In this case a downlight should’ve turned on at 21:51:36:270 but it didn’t.

Below are a few handpicked log entries from the above that look suspicious to me. It seems to be retrying an APS-DATA.request 5 times without success, and we’re seeing status: BUSY and failed-status: APP_BUSY.

21:51:36:272 APS-DATA.request id: 178, status: BUSY (counter: 2)
21:51:36:272 APS-DATA.request id: 178, set state: 0x05
21:51:36:272 0x0000000000000000 error APSDE-DATA.confirm: 0xAE on task
21:51:36:273 APS-DATA.request id: 178, failed-status: APP_BUSY (0x02)
21:51:36:276 aps request id: 175 failed, erase from queue
21:51:36:334 APS-DATA.request id: 183, status: BUSY (counter: 3)
21:51:36:335 APS-DATA.request id: 183, set state: 0x05
21:51:36:335 emit artificial APSDE-DATA.confirm id: 183
21:51:36:335 0x0000000000000000 error APSDE-DATA.confirm: 0xAE on task
21:51:36:337 APS-DATA.request id: 183, failed-status: APP_BUSY (0x02)
21:51:36:356 aps request id: 178 failed, erase from queue
...

Any idea what’s happening here and why? Would the “busy” refer to deCONZ being busy or the light?

@de_employees

Just bumping this. Is there anything in the logs that would indicate where the problem lies? Is it something in my setup or configuration, is it potentially a bug in deCONZ or even faulty lights?

Also, seeing that there is a request being retried and then given up on after 5x, would it be possible to increase the number of retries to better the chances of eventual success?
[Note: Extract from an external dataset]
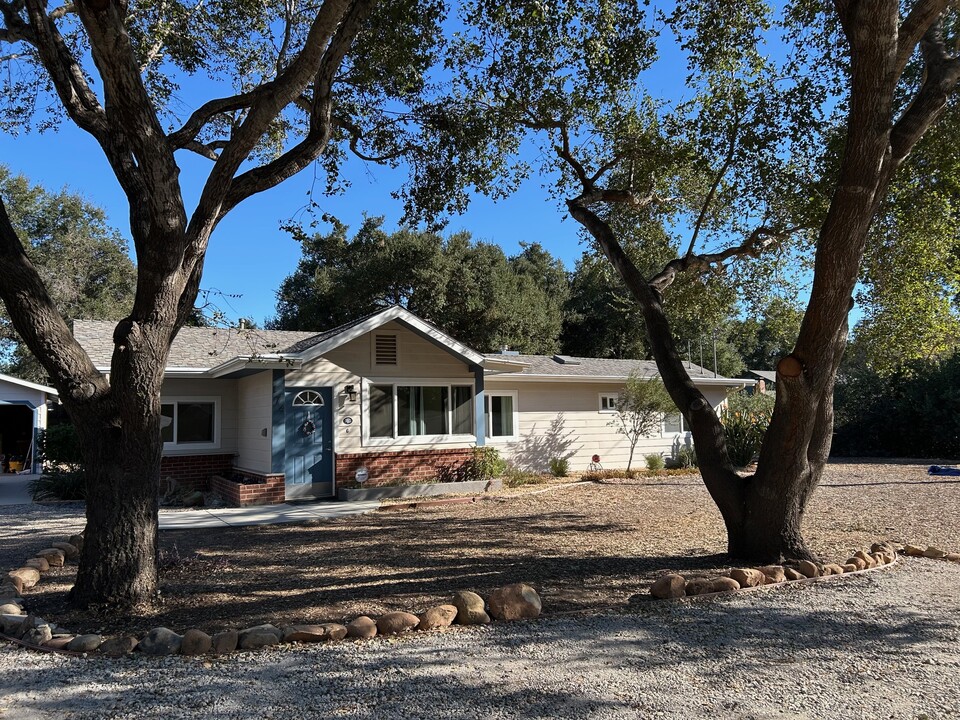 174 S La Luna Ave in Ojai, CA - Building Photo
@Mimiix Sorry to be a pest, but I really need to get to the bottom of this. Is there anything I can do or provide that would help/entice your staff or members of the community to have a look at this and help me debug?
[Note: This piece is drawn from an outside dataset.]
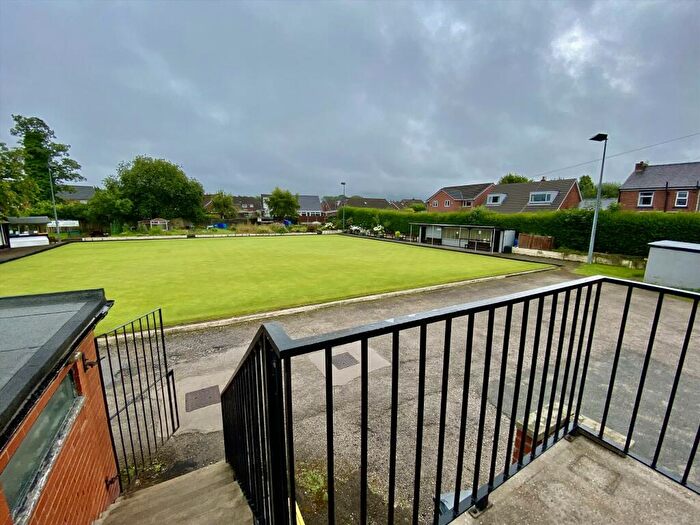 2 Bedroom Flat To Rent In Stanifield Lane, Farington, Leyland, PR25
There’s nothing I can do If @de_employees fail to reply.

Small update: The upcoming release v2.16.1 contains a fix which addresses this very issue to prevent the queue being to stressed.

1 Like

Great news, thanks for the update @manup!
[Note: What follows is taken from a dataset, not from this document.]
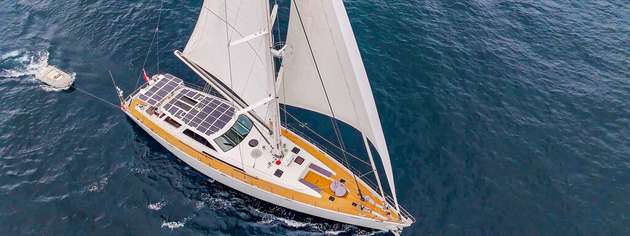 Sailectron Services aus Hundsdorf bei Graz hat sich auf Planung und Umsetzung von Photovoltaik- und Batteriesystemen auf Segel- und Motoryachten spezialisiert.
I updated to v2.16.1 today and unfortunately it just happen again, lights not turning on when they should but reporting to be on.

Too bad I didn’t have all the debug logs enabled when it happened. However my logs are full of error messages anyway.

I’m seeing a lof of these:

10:49:19:354 0x0000000000000000 error APSDE-DATA.confirm: 0xD2 on task
10:49:19:355 delay sending request 26 dt 1 ms to 0x60A423FFFE8A38EA, ep: 0x0B cluster: 0x0008 onAir: 1
10:49:19:355 delay sending request 27 dt 1 ms to 0x60A423FFFE8A38EA, ep: 0x0B cluster: 0x0300 onAir: 1
10:49:19:355 delay sending request 35 dt 0 ms to 0x001788010BF80DB9, ep: 0x0B cluster: 0x0300 onAir: 1
...
10:52:18:559 0x0000000000000000 error APSDE-DATA.confirm: 0xE1 on task
10:52:18:560 delay sending request 132 dt 0 ms to 0x5C0272FFFE227008, ep: 0x0B cluster: 0x0008 onAir: 1
10:52:18:560 delay sending request 133 dt 0 ms to 0x5C0272FFFE227008, ep: 0x0B cluster: 0x0300 onAir: 1
10:52:18:562 delay sending request 132 dt 0 ms to 0x5C0272FFFE227008, ep: 0x0B cluster: 0x0008 onAir: 1
10:52:18:562 delay sending request 133 dt 0 ms to 0x5C0272FFFE227008, ep: 0x0B cluster: 0x0300 onAir: 1
...

And also a few like this:

17:25:18:567 5 running tasks, wait
17:25:18:572 5 running tasks, wait
17:25:18:578 failed to add task 156560 type: 11, too many tasks
17:25:18:578 failed to add task 156561 type: 6, too many tasks
17:25:18:578 5 running tasks, wait
17:25:18:612 5 running tasks, wait

All hinting at there being too much going on in the Zigbee network. I guess I have a few downlights (~50) and motion sensors (~15), but I need them all :smiley:

Do you guys have any advice on how to address this?

The APP_BUSY message doesn’t show up anymore?

The 0xD2 and 0xE1 are two particular mean errors.

The 0xE1 (MAC channel access failure) if seen multiple times hints on radio interference, this usually happens when no USB extension cable is used or other nearby devices like USB3/SSD or Bluetooth / WiFi jamming the 2.4 GHz channel. For example audio/video streaming or a close by WiFi router can lead to this. In a WiFi scanner app for Android you can check if the occupied WiFi channels collide with Zigbee, but note that Zigbee and Wifi uses very different channel numbers).

The 0xD2 means “broadcast table full” this happens if too many broadcasts/groupcasts are in flight in a short interval.

Having a lot of 0xE1 is never good, as it means not all requests are comming trough.